History

United States
- Name: USS Magothy (AVP-45)
- Namesake: The Magothy River in Maryland
- Builder: Lake Washington Shipyard, Houghton, Washington (proposed)
- Laid down: Never
- Fate: Construction contract cancelled 22 April 1943

General characteristics
- Class & type: Barnegat-class small seaplane tender
- Displacement: 1,766 tons (light); 2,750 tons (full load);
- Length: 311 ft 8 in (95.00 m)
- Beam: 41 ft 1 in (12.52 m)
- Draught: 13 ft 6 in (4.11 m)
- Installed power: 6,000 horsepower (4.48 megawatts)
- Propulsion: Diesel engines, two shafts
- Speed: 18.6 knots (34.4 km/h)
- Complement: 215 (ship's company); 367 (including aviation unit);
- Sensors & processing systems: Radar; sonar
- Armament: Probably either 2 x 5 in (130 mm) 38-caliber guns, 4 x 20-mm antiaircraft guns, and 2 x depth charge tracks, or 1 x 5 in (130 mm) 38-caliber gun, 1 x quadruple 40-mm antiaircraft gun mount, 2 x twin 40-mm gun mounts, 6 x 20-mm antiaircraft guns, and 2 x depth charge tracks
- Aviation facilities: Supplies, spare parts, fuel, repairs, and berthing for one seaplane squadron; 80,000 US gallons (300,000 L) aviation fuel

= USS Magothy =

Tender of the United States Navy

USS Magothy (AVP-45) was a proposed United States Navy seaplane tender that was never laid down.

== Construction and commissioning ==
Magothy was to have been one of 41 Barnegat-class small seaplane tenders the U.S. Navy planned to commission during the early 1940s, and was to have been built at Houghton, Washington, by the Lake Washington Shipyard.
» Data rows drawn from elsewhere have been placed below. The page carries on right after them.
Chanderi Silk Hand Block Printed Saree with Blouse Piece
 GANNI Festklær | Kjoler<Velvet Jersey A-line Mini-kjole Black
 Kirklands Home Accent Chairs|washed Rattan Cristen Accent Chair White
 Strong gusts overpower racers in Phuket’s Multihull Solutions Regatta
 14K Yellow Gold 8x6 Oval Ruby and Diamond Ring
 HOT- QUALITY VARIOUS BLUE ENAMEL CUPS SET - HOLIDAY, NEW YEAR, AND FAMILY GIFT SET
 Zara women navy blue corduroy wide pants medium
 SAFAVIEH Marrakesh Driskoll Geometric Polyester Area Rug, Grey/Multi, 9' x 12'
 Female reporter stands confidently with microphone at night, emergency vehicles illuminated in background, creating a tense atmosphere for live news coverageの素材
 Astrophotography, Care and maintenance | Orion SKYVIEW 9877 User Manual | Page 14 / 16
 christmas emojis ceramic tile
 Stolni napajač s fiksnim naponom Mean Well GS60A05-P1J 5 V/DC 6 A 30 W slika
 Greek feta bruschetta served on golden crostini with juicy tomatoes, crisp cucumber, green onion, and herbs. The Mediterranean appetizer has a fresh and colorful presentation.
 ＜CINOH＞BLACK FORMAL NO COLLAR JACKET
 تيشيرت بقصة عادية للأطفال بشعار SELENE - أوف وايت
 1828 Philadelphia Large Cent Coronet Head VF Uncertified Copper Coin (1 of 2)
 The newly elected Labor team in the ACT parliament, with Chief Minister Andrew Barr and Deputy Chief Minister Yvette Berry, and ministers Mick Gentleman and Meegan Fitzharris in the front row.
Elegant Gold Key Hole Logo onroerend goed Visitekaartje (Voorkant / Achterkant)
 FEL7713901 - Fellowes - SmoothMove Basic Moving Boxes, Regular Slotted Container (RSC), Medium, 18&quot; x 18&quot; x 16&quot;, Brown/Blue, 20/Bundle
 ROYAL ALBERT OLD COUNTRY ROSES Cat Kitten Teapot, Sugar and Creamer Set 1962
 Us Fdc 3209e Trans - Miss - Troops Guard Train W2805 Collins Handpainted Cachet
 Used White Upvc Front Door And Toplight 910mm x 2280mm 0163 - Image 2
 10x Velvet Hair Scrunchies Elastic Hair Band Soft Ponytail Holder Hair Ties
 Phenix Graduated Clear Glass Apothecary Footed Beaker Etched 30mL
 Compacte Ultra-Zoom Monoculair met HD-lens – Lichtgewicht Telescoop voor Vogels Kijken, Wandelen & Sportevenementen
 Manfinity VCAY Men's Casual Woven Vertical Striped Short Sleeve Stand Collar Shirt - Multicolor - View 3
However, by the spring of 1943 the Navy deemed that number of seaplane tenders excess to requirements, and decided to complete four of them as motor torpedo boat tenders and one as a catapult training ship. In addition, the Navy also decided to cancel six of the Barnegat-class ships prior to their construction, freeing up the diesel engines that would have powered them for use in escort vessels and amphibious landing craft.

Magothy was assigned her name on 23 August 1942, but became one of the first four ships to be cancelled when the Navy cancelled its contract with Lake Washington Shipyard for her construction on 22 April 1943.